## Work order
What is needed is an exact copy of the lines from the one containing "Bild 104590 von" through the last line of the records, with no pictures.

## Listed entries
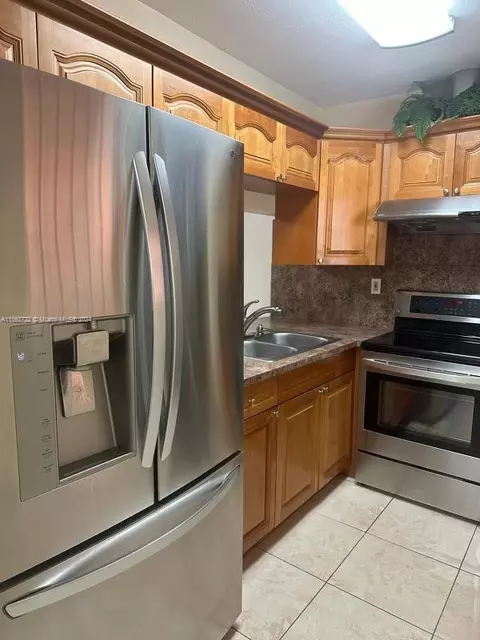 Kitchen - 440 E 23rd St #1101, Hialeah, FL 33013 photo 3 of 3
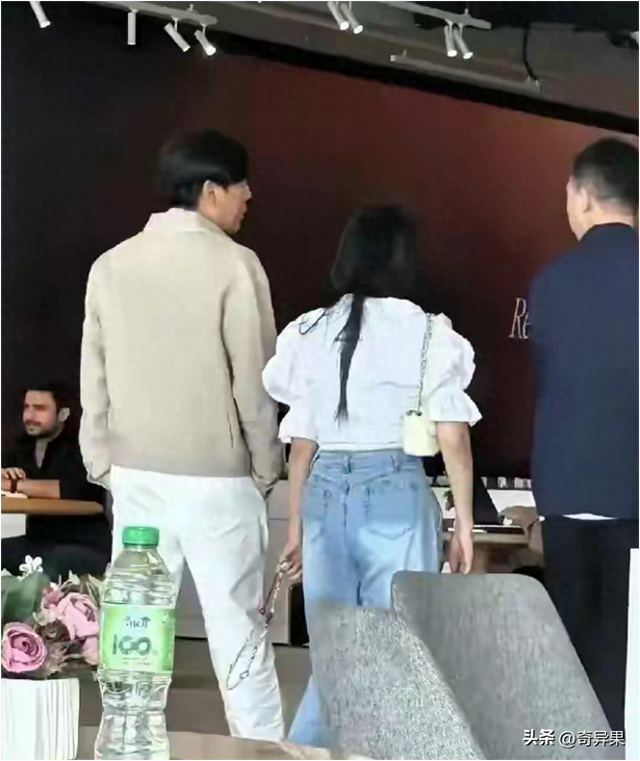 伊能静真人又矮又胖	，臀部好宽大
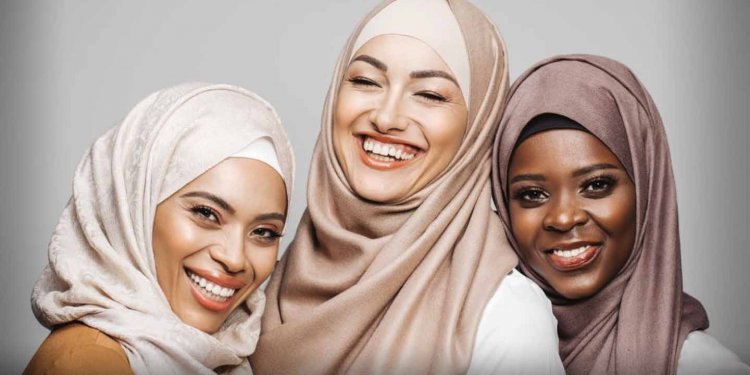 3 Jenis Bahan Hijab, Referensi Wanita Muslim Berbusana Syar’i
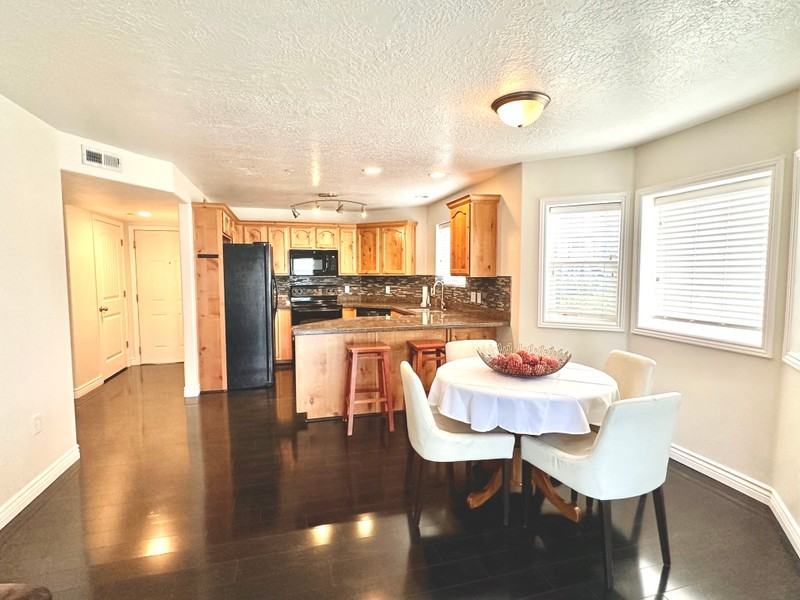 90 E Resaca Dr - Photo 2 of 28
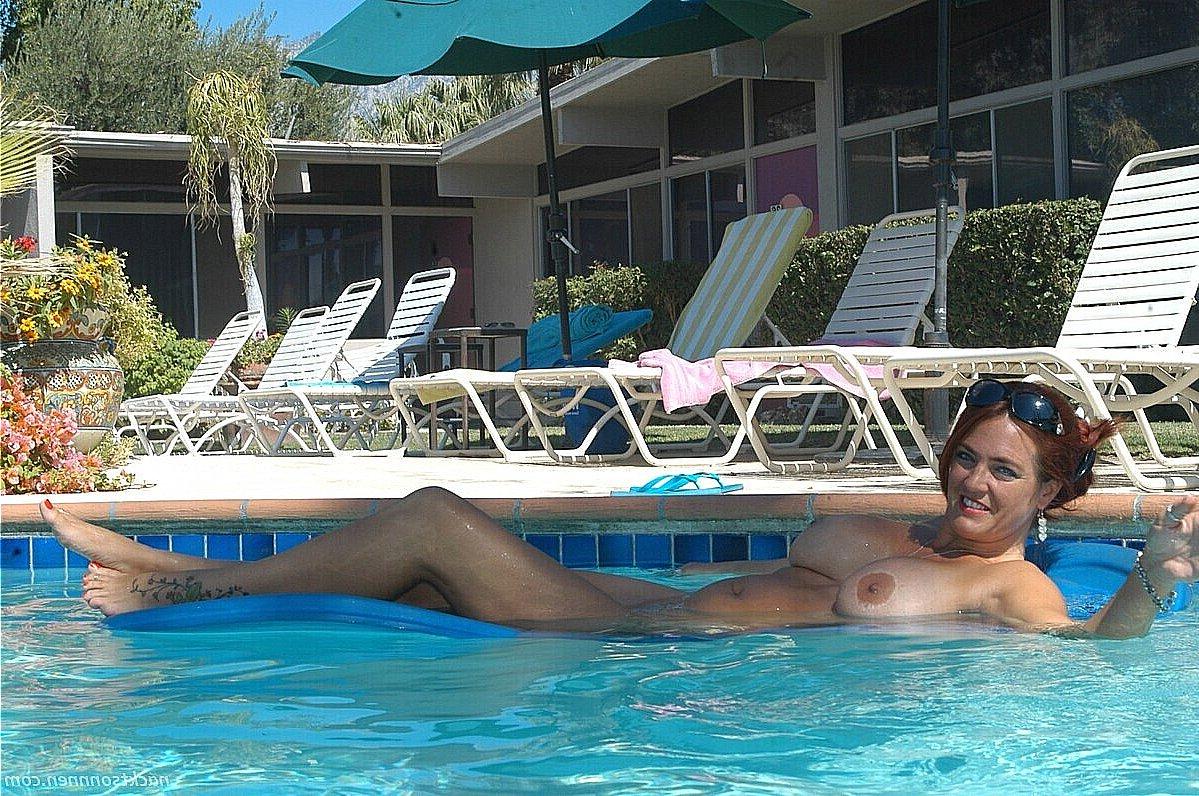 Bild 104590 von Stumpel in Kategorie Public Nude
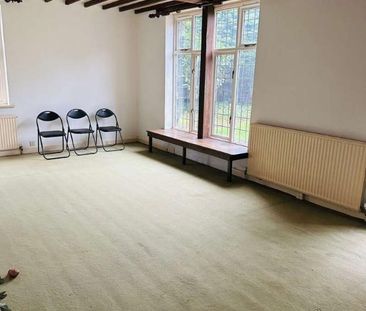 Britwell Road, Burnham, SL1 - Photo 6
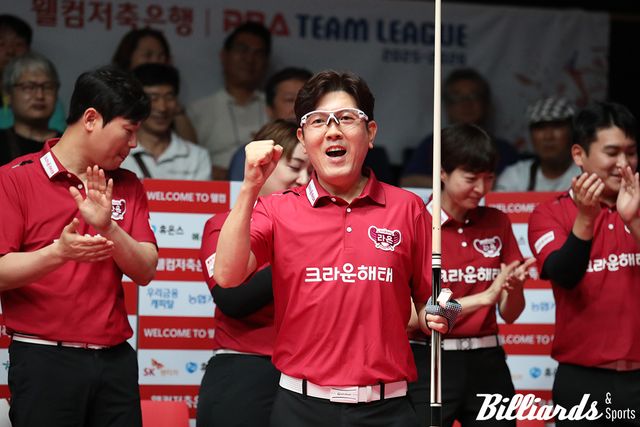 5세트 남자단식에서 승리한 크라운해태의 주장 김재근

## Answer section
 Bild 104590 von Stumpel in Kategorie Public Nude
 Britwell Road, Burnham, SL1 - Photo 6
 5세트 남자단식에서 승리한 크라운해태의 주장 김재근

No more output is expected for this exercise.